Но в комнату я так и не попал: хозяин рычал с крыльца:

— Парнишка! Ты! Дармоед! Иди сюда!

Я понял, что он зовёт меня, но хотел юркнуть в сени. Мать в ужасе крикнула:

— Аль не слышишь? Беги к нему скорее!

Ноги у меня стали тяжёлыми, и всё тело пронизали жгучие иголки. Я боялся хозяина и ненавидел его. Его сила и власть казались мне чудовищными: он мог мгновенно схватить меня и раздавить в своём кулаке или походя растоптать сапогом. Он смотрел на меня тяжёлым леденящим взглядом.
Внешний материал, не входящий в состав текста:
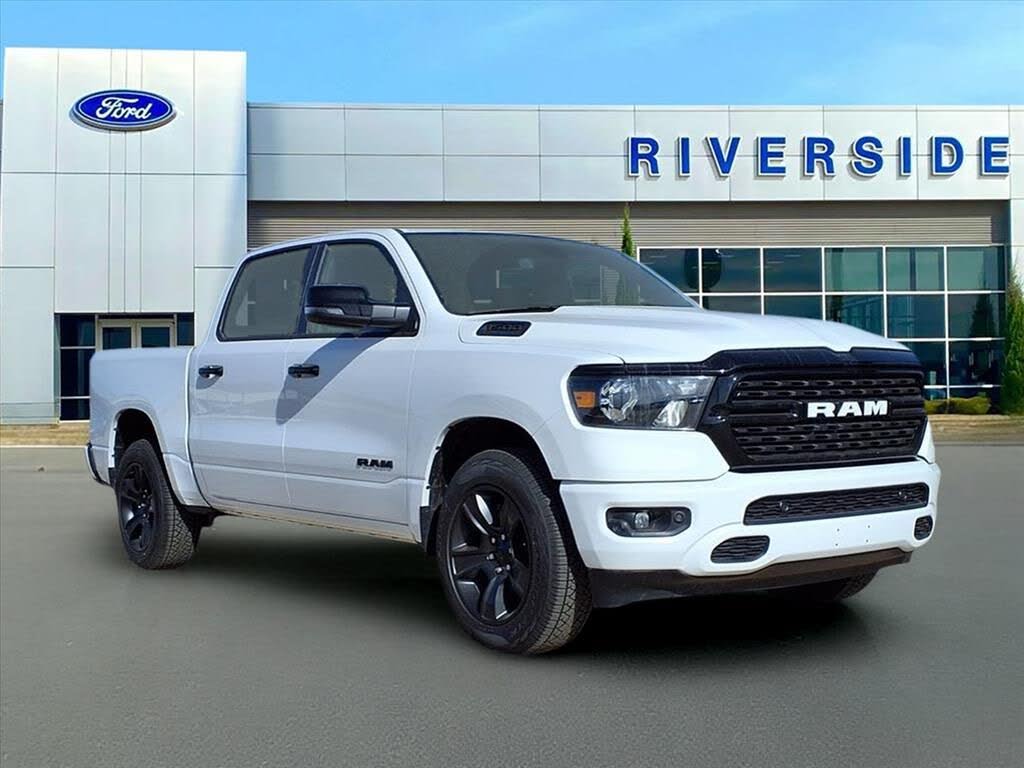 2024 RAM 1500 Big Horn Crew Cab 4WD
— Не пойду я, — лепетал я. — Не хочу. Он пьяный, удушит меня…

— Стой! — хозяин крепко зажал свою бороду в огромной пятерне. — Стой, мальчишка! Иди сюда! Я с тобой разговаривать желаю.

— Не пойду! — в отчаянии крикнул я. — К тебе я не нанимался.

Около меня очутилась мать. Она вздрагивала, задыхалась и шептала:

— Не беги, сынок, а то он взбесится!

Хозяин грозным шагом подошёл к нам и уставился на меня осовелыми глазами. Но в глубине зрачков играл смех.

— А ну-ка, какие это слова ты мне сказал? Не нанимался, говоришь? Это ты смело сказал. А кому ты сказал? Мне — хозяину. Ты ещё щенок, а уже стреляешь дерзкими словами. Щенку вырасти надо, чтобы барбосом быть, а барбоса, и того на цепь сажают. А тебя ещё мать под юбку хочет спрятать. Давай ухо — драть буду.

Его рука неотразимо потянулась ко мне. Я отпрянул назад.

Вероятно, в глазах у меня он увидел не только страх, но и ненависть: он пристально рассматривал меня, поднимая то левую, то правую бровь, и забавлялся моей мальчишечьей строптивостью. Он теребил пальцами пёструю бороду и шевелил длинными косицами усов. И когда я увидел бледное лицо матери с умоляющими глазами, я несознательно бросился к ней и заслонил её собою.

— Уйди, мама, уйди отсюда! — задыхаясь, крикнул я злым отчаянием. — Он ещё убьёт тебя…

— Так, правильно! — хрипел хозяин с пьяным упрямством. — Двое дерутся, третий не лезь. А уши я тебе должен нарвать обязательно. Хозяину дерзить не моги! Раз твой отец у меня в батраках, ты тоже мой слуга. А вот ей — матери твоей — велю пятки мне чесать — и будет чесать. Раз отец твой в вольницу пошёл, он мне весь до требухи предался. У вольницы нет своей воли. Я вас в свой двор загнал, хомут надел — значит, вы в моей власти.

Я схватил мать за руку и рванул её за собой. Она, вероятно, сама обезумела от ужаса — и побежала к флигелю рука в руку со мною. Хозяин рычал, как зверь, и топал вслед за нами своими сапогами. С порога я на мгновение увидел, как Офимья пятилась перед хозяином в нашу сторону, высоко поднимала руку с двуперстием и укрощала его плавными взмахами. В комнате мать упала на скамью, откинулась к стене и, с посиневшим лицом, судорожно затряслась.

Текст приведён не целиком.